The problem with this poll—besides being clearly biased and with an agenda to burn—is the suggestion that any “attack” on a female candidate is “sexist.” Even taking the numbers given, the “attack without sexist labels” had a far greater effect on the female candidate’s “standing” than the sexist attacks, which in reality may have the opposite effect “intended.” Furthermore, the media has almost totally ignored the reality that the attacks on Barack Obama, and given the fact that they are coming from a wholly-white “movement” clearly meant to highlight Obama’s “blackness,” tends to highlight the hypocrisy of the media. During the 2008 primaries, CNN continuously decried the alleged “sexist” attacks on Hillary Clinton while refusing to examine her racial code comments about “hard-working Americans--white people” and the RFK assassination—all the while running non-stop for weeks the Rev. Wright video, naturally taken out of context. More recently, while CNN was all over the People Magazine story on Elin Nordgren, ex-wife of Tiger Woods, it failed to discuss the Vanity Fair story on Sarah Palin, which has far greater implications for the well-being of this country. But we’re not allowed to discuss it because it is “sexist,” as feminists immediately condemned it.

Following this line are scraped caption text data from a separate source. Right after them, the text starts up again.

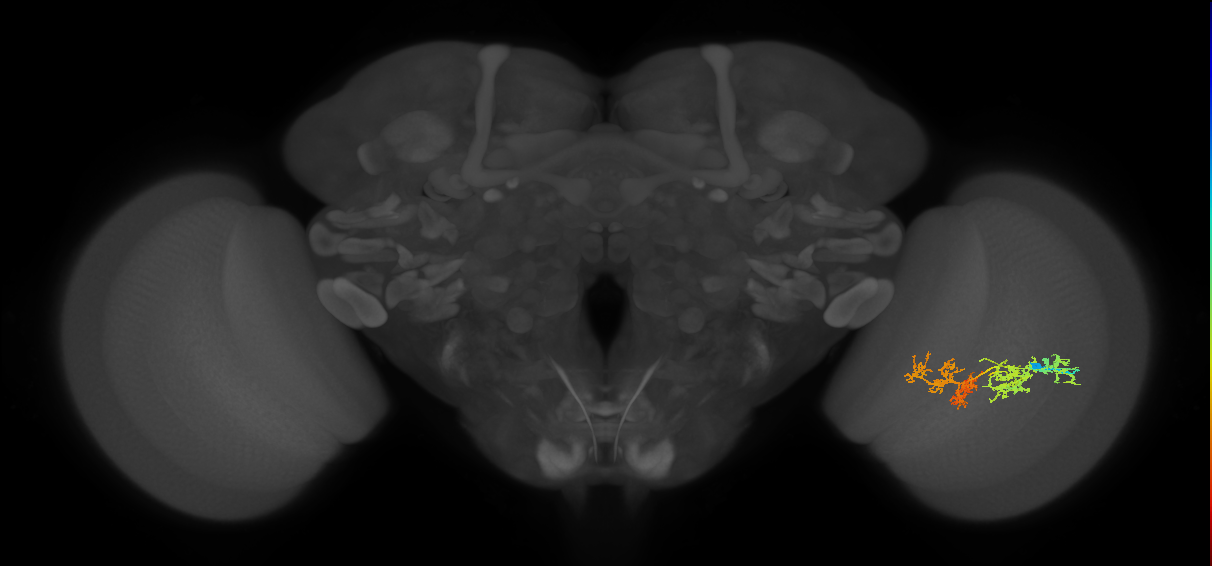 TmY15_R (JRC_OpticLobe:36576)
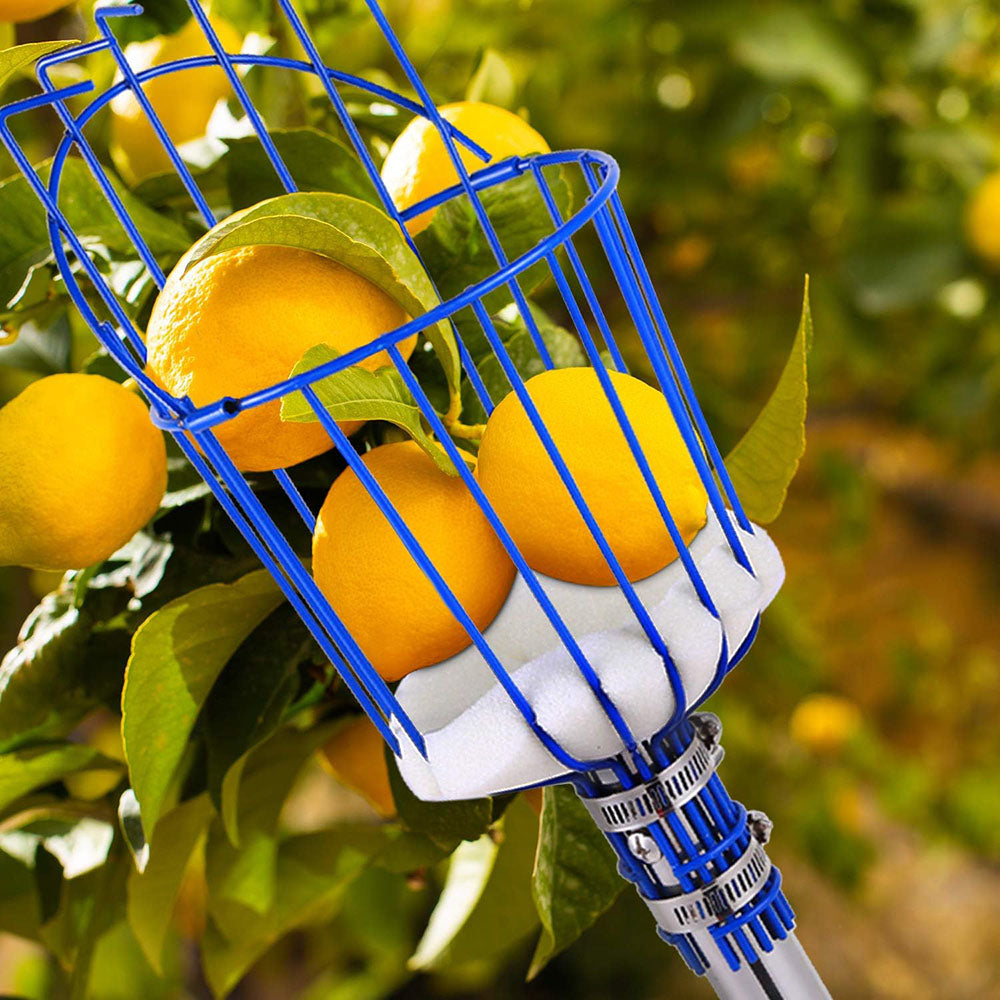 Deep Basket Fruit Picker Head Farm Picking Device Garden tools_5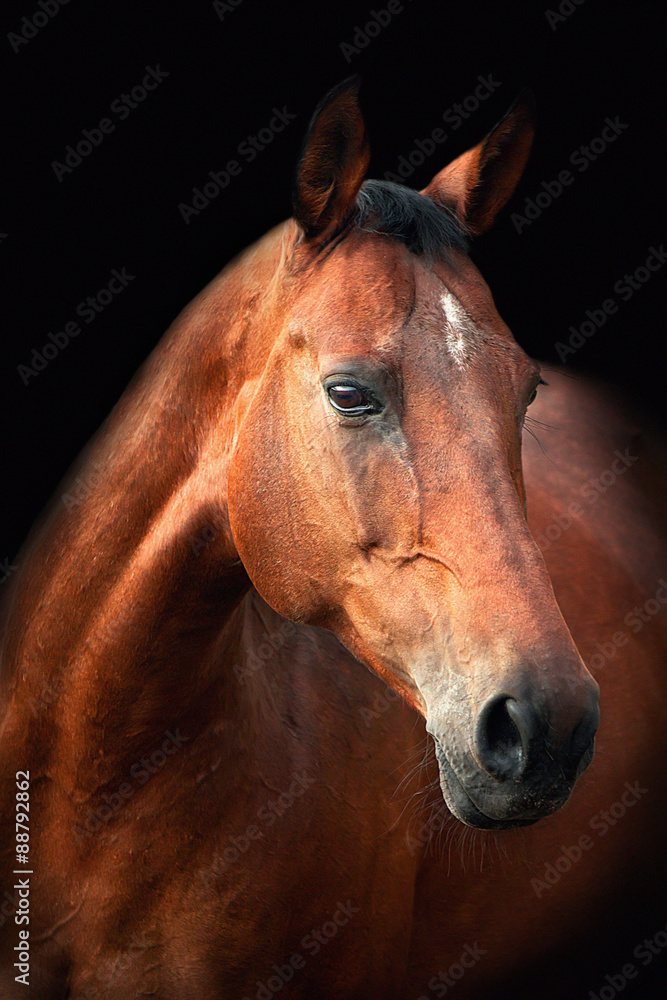 Portrait of bay Trakehner horse on a black background Portrait of bay Trakehner horse on a black background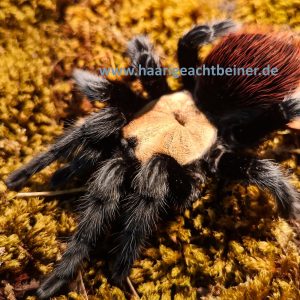 Brachypelma albiceps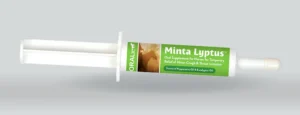 Minta Lyptus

Are we not allowed to discuss House candidate Pamela Gorman of Arizona, because it is “sexist” to criticize her campaign? Taking a cue from Palin, Gorman ran an ad showing herself blazing away with a variety of guns, including an old Tommy machine gun. What are we of more sensible mind to make of this? Gorman also appeared at a Tea Party “border” event wearing a shoulder holster, clearing playing to anti-immigrant militants. We are not allowed to comment on this, because it would be “sexist?” She called Mexican president Calderon Obama’s “good buddy”—forgetting that George Bush was such a “good buddy” with Calderon that he gave him hundreds of millions of dollars worth of military hardware to help combat the failed “drug war.” Gorman also seems to suffer from selective amnesia regarding her stint in the Arizona legislature; Republicans have dominated the state for years, and thanks to $10 billion in tax loopholes for businesses (which exceed the total revenue of the state in 2010), and semi-yearly income tax cuts have led to a projected deficit in 2011 that will be 47 percent of the total budget. $750 million will be cut from education, and 13 of 22 state parks are being closed.

But we’re not allowed to comment on this, because it will hurt Gorman, a woman. We are not allowed to say that Gorman is a racist gun nut. Arizona isn’t exactly a game hunting mecca, so what are white Arizonans of the right-wing persuasion doing blazing away with their Tommy guns in the desert? “Practicing” to shoot all those Mexicans in lieu of other suitable “game?”

Gorman and Palin are not the only female political figures who have attracted “unwanted” attention because of their bizarre behavior and beliefs; Michelle Bachmann has practically cornered the market on much of that. Myself, I can take the slings and arrows of being accused of being “sexist” if it means exposing the truth and enlightening the public. But Bachmann is re-elected every two years by her constituency; she doesn’t seem to have been “scarred” by the fact that voters in her district get a kick out of her own incessant taunting, stereotyping and intolerance.